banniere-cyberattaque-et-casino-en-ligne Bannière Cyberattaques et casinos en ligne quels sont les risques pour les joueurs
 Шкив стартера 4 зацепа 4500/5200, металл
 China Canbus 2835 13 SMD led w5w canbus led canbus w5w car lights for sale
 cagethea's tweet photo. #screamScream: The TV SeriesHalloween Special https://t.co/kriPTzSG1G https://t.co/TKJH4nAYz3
• • • •
▶ Instructions to follow:
Exactly the lines from the one containing "Шкив стартера 4 зацепа 4500/5200, металл" through the end of the listing should be reproduced, both ends included and nothing more.

▶ Response below:
 Шкив стартера 4 зацепа 4500/5200, металл
 China Canbus 2835 13 SMD led w5w canbus led canbus w5w car lights for sale
 cagethea's tweet photo. #screamScream: The TV SeriesHalloween Special https://t.co/kriPTzSG1G https://t.co/TKJH4nAYz3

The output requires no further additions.